A portaria diz que, caso haja demissão pela recusa de comprovar a vacinação, o funcionário pode optar pela reintegração ao cargo ou receber o dobro da remuneração referente ao período de afastamento.

Segundo a pasta, as empresas poderão, obrigar os trabalhadores a serem testados para preservar “as condições sanitárias no ambiente de trabalho”. Os vacinados poderiam apresentar o cartão de vacinação.

Em vídeo exaltando a portaria, o ministro disse que a medida dá “proteção” ao trabalhador. “A escolha de se vai ou não receber a vacina pertence apenas ao cidadão.”

A posição do governo de proibir a demissão é oposta ao entendimento do TST (Tribunal Superior do Trabalho).

Em entrevista ao UOL em setembro, a presidente do TST, ministra Maria Cristina Peduzzi, disse que não tomar a vacina pode comprometer o bem coletivo no trabalho. Por isso, ela disse que esses funcionários podem ser demitidos, inclusive com justa causa.

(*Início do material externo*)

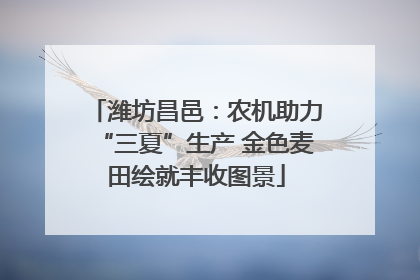 潍坊昌邑：农机助力“三夏”生产 金色麦田绘就丰收图景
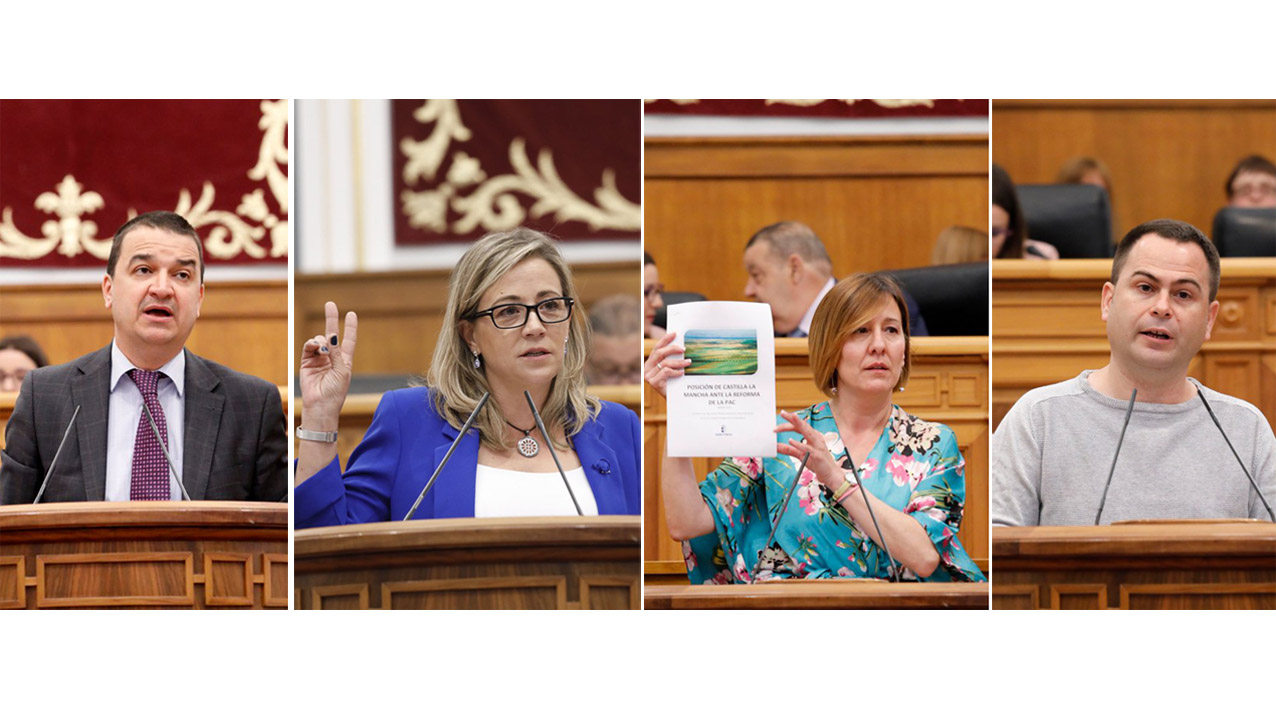 Los participantes en el debate sobre la PAC en las Cortes de CLM.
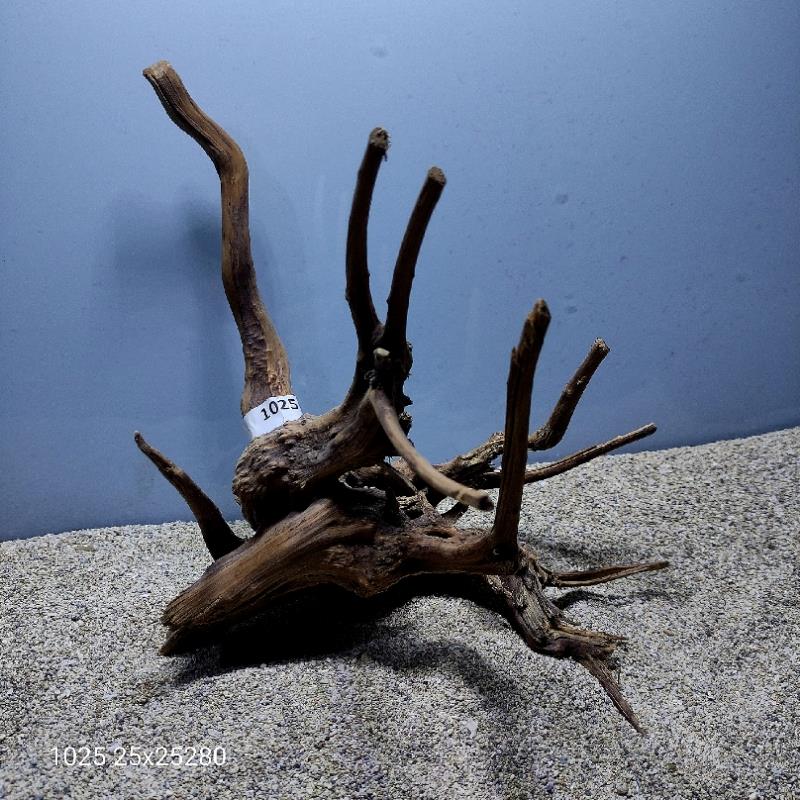 ارسال این ریشه رایگان می باشد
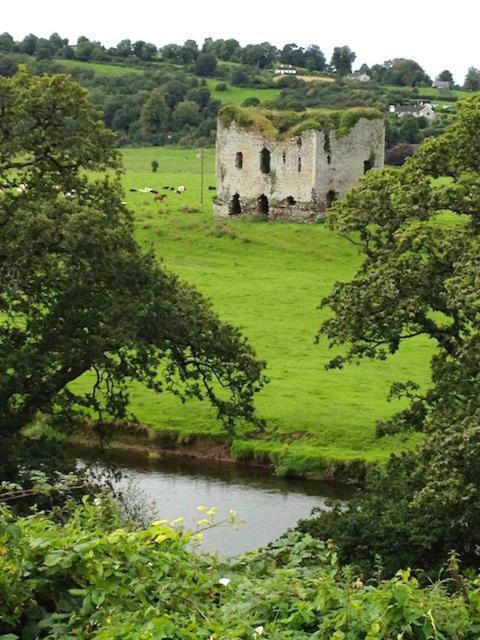 The Tower House B&B Thomastown  Exteriér fotografie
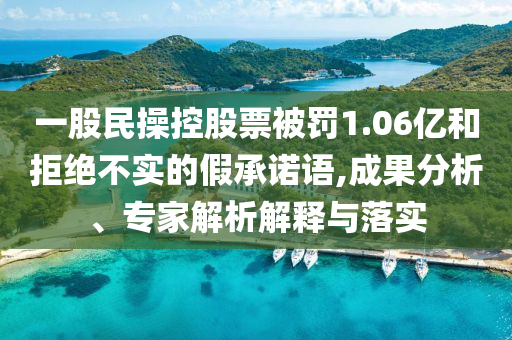 一股民操控股票被罰1.06億和拒絕不實的假承諾語,成果分析、專家解析解釋與落實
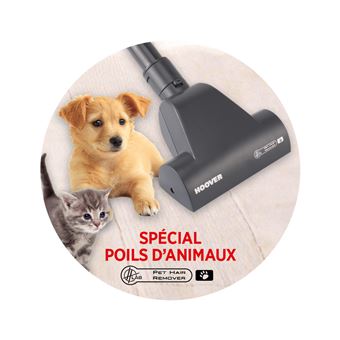 Aspirateur sans sac Candy CAF35PET 800 W Noir et Bleu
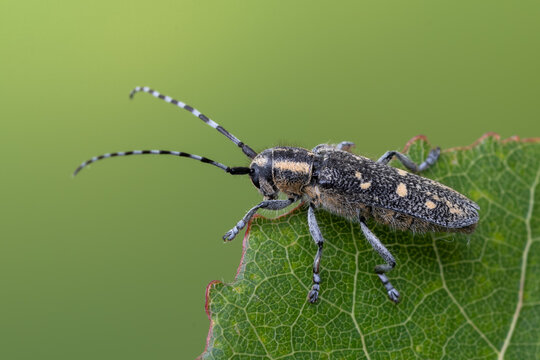a longhorn beetle - Saperda populnea
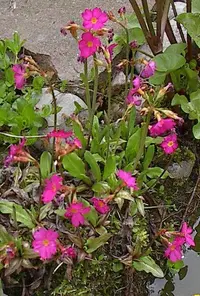 rosy primrose (Primula rosea) plant
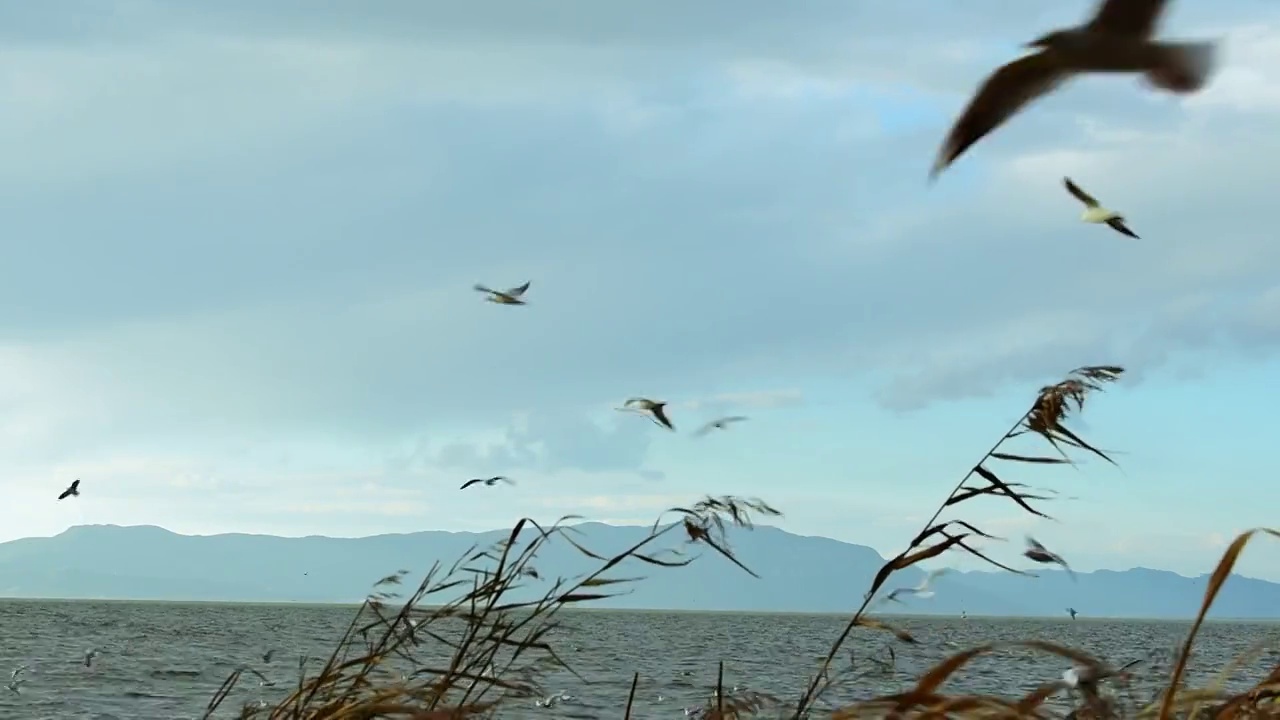 冬季中国云南滇池越冬的红嘴鸥视频素材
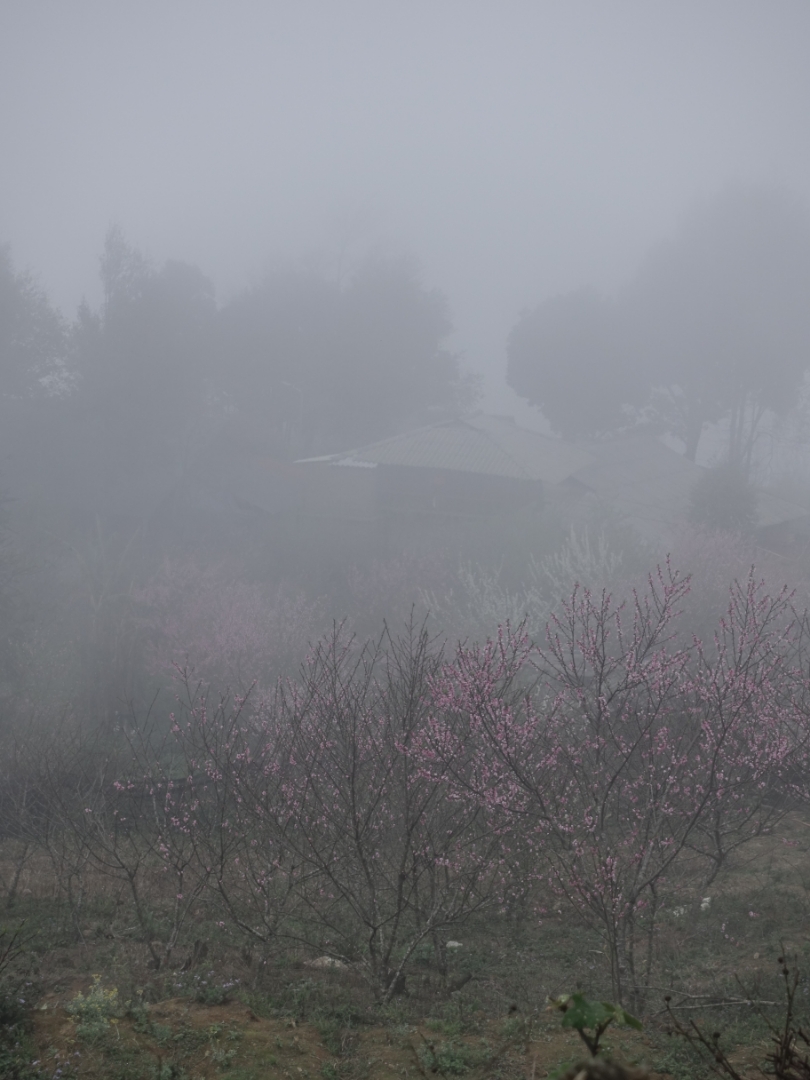 xY09x0h.jpg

Especialistas em saúde reforçam a necessidade de que as pessoas estejam vacinadas para diminuir a possibilidade de contrair o vírus e, consequentemente, transmiti-lo. Sem a imunização, a pessoa fica mais suscetível a contrair o novo coronavírus, além de ter o risco de desenvolver a forma grave da covid-19. O UOL procurou entidades empresariais a respeito da portaria.

A FecomercioSP (Federação do Comércio de Bens, Serviços e Turismo do Estado de São Paulo) disse que há prevalência do interesse coletivo sobre o individual, e assim, a empresa é obrigada a preservar a saúde e o interesse coletivo do ambiente do trabalho.

Segundo a entidade, caso haja uma contaminação sistêmica dos trabalhadores pela covid, a empresa poderá ser responsabilizada, inclusive, com dano moral coletivo, por conta de sua “omissão” na preservação da saúde e segurança de seus empregados. “Ainda que a Portaria 620 tenha determinado a proibição de se exigir a comprovação de vacinação, trata-se de medida contrária às normas de ordem públicas voltadas à não disseminação da covid no âmbito do trabalho.

A referida Portaria, ainda, invade competência da lei em dispor de tal matéria, violando o princípio da reserva legal”, afirma a FecomercioSP em nota enviada ao UOL.

A FecomercioSP afirma ainda que a portaria não pode vincular os particulares a atos da administração pública. “Por tudo o exposto, entendemos que os empresários devem observar as normas que norteiam a preservação do interesse coletivo do trabalho, relativizando o princípio da autonomia da vontade do trabalhador, para especado”.

A Associação Comercial de São Paulo disse que “por se tratar de algo de caráter político, não foi debatido dentro da Associação Comercial de São Paulo”.

Outras entidades empresariais e de trabalhadores que foram procuradas não responderam até a publicação dessa nota.